At this particular stage, they're called corruptions of insight, because the tendency is for almost everybody, in one way or another, to get attached to them.
It's such a remarkable shift from anything that's happened before, that when you're experiencing that, it just feels you've arrived.
It's the flavor of enlightenment.
It seems like, this is why I was practicing in the first place.
I want to feel this way.
Exactly.
And it's called pseudo-nirvana.
And so it takes some real guidance at that point to simply be mindful of those states.
as other changing conditions and not to be attached to it.
And the very next stage of insight is called seeing what is the path and what is not the path.
And that's an important juncture because until that point, we think that having those experiences is the path. - Yeah, yeah.
And so we have to really go through that and see that it's not the path, that that's just experiences along the way, and that the whole path is always about letting go.
It's not about holding on.
Yeah.
And whatever is fundamental to the nature of mind has to be discoverable in the context of whatever experience happens to be present.

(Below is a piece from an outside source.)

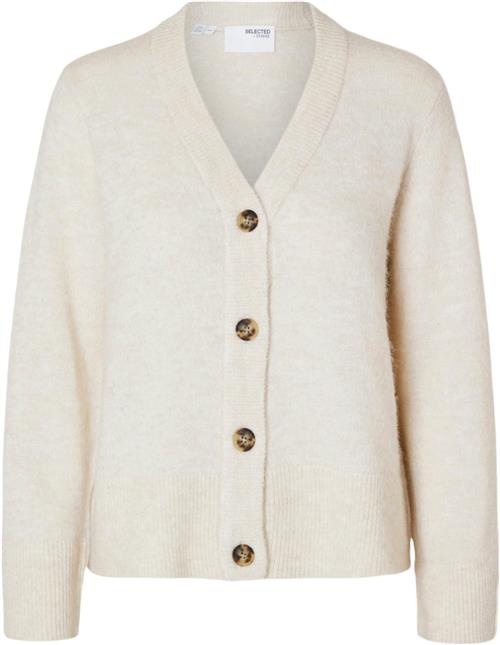 Selected Femme Slfmaline NEW LS Knit Short Cardi N Kvinde Birch/melange Cardigans Str XS - hos Magasin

If the thing you're taking to be significant is there by virtue of having some contingent conditions in place, then obviously it's vulnerable to change.
Exactly.
I like to say in the teaching, in guiding people through situations like this, if freedom is dependent on conditions, it's not freedom.
Just take me back to that period, to that now you're an inboat guy, you've been there for years, now you're just practicing in a Buddhist context, you're not going to be being part of the Bhagavata or Anandamayi Maharaj.